The "stifling" effect of stamp duty on the housing market means an extra 146,000 property sales could have taken place over the last five years if home movers had not been faced with the tax, a report has estimated.
Despite reforms to stamp duty in recent years, it remains "inefficient", the report argues, fuelling housing shortages, making homes less affordable and putting people off moving to more suitable properties - from those taking early steps on the housing ladder to older home owners.
It also hampers social and economic flexibility by making it harder for families to live near their desired schools or places that could provide particular job opportunities, according to the report by the Centre for Economics and Business Research (Cebr), commissioned by Santander Mortgages.
The report said stamp duty prevents house sales which could otherwise be mutually beneficial, for example making it harder for older home owners to downsize to a smaller property and growing families to take the step up to a larger home.
In such cases, both types of household would remain in housing which is not ideally suited to their needs, holding back the efficient allocation of housing, the report said.
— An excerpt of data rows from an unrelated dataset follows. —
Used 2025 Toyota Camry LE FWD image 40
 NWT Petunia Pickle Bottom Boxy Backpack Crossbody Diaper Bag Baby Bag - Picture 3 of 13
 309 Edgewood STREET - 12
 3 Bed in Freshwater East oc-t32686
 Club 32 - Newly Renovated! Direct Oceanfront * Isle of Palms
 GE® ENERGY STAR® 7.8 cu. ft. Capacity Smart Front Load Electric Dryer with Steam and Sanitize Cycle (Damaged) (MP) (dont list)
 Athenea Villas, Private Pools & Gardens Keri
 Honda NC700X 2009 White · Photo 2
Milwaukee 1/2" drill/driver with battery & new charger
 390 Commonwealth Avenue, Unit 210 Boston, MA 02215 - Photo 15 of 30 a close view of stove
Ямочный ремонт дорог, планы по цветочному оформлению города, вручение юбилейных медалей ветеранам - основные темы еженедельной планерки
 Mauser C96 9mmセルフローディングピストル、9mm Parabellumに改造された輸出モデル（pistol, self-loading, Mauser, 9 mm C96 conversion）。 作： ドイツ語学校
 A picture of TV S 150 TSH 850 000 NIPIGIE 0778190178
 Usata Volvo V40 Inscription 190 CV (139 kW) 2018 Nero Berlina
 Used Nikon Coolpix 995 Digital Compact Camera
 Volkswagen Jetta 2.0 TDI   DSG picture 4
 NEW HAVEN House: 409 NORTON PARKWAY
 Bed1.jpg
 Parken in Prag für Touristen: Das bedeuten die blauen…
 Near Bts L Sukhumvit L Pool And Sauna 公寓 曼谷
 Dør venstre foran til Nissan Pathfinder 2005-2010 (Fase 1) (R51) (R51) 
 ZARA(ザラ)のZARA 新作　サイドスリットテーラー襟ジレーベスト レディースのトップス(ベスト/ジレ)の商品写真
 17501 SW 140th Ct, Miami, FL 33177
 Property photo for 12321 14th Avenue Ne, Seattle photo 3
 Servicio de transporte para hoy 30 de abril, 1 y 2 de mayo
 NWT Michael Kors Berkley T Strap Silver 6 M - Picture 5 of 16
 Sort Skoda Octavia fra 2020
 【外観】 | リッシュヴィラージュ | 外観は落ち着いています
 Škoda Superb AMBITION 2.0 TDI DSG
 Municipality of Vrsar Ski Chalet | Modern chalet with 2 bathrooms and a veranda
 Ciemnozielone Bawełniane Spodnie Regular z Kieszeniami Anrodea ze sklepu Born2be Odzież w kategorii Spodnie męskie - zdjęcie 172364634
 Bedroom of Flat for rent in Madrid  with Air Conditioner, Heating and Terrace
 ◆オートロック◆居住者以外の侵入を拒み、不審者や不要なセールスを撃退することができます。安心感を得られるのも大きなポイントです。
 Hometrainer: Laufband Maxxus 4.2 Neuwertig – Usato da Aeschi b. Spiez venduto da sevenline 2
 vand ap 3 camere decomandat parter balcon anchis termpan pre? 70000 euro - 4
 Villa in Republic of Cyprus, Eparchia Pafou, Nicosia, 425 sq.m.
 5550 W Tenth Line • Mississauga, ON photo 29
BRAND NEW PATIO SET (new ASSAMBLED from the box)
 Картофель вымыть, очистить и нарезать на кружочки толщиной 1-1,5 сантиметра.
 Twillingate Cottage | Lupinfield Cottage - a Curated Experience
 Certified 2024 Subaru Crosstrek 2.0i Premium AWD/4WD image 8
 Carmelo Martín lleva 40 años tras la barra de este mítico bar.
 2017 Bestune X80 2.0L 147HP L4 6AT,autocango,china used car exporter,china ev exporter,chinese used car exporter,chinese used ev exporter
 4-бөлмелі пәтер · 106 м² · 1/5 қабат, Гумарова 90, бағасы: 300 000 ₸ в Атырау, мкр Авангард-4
It estimates that between 2012 and 2017, an additional 146,000 property transactions could have taken place if stamp duty had been removed.
Miguel Sard, managing director of mortgages at Santander UK, said: "The report highlights the unintended consequences of stamp duty.
"First-time buyers struggle to get on the ladder, young families want to move up it and the elderly want to downsize, but all are stifled by stamp duty."
The report also argues that, without stamp duty, the incentive to build more properties would have been higher as, although the charge is paid by the buyer, the seller may bear some of the burden by having to sell at a lower price.
This lessens profits and reduces the incentive to develop supply in cases where profitability is more marginal, fuelling the lack of housing, according to the findings.
Stamp duty has undergone reforms in recent years, including an overhaul in the way it is applied which made it less expensive for the majority of homes but more costly at the most expensive end of the market.
A report from Post Office Money and Cebr in May suggested the average bill for moving home was around £9,472 - including £1,774 in stamp duty.
Christian Jaccarini, an economist at Cebr, said: "While the under-supply of housing has rightly received much attention, our research shows that stamp duty significantly impedes housing transactions, meaning that we don't maximise the benefit from the existing housing stock.
"In fact, we estimate that 146,000 more transactions would have taken place in the five years to June 2017 if stamp duty was removed entirely."
A separate survey from Aldermore bank among more than 1,000 home owners and over 200 prospective first-time buyers found one in six (15%) of those who bought their property more than four years ago would be incentivised to move home if stamp duty was temporarily reduced and nearly a third (30%) of aspiring first-time buyers would consider accelerating their plans to get on the property ladder.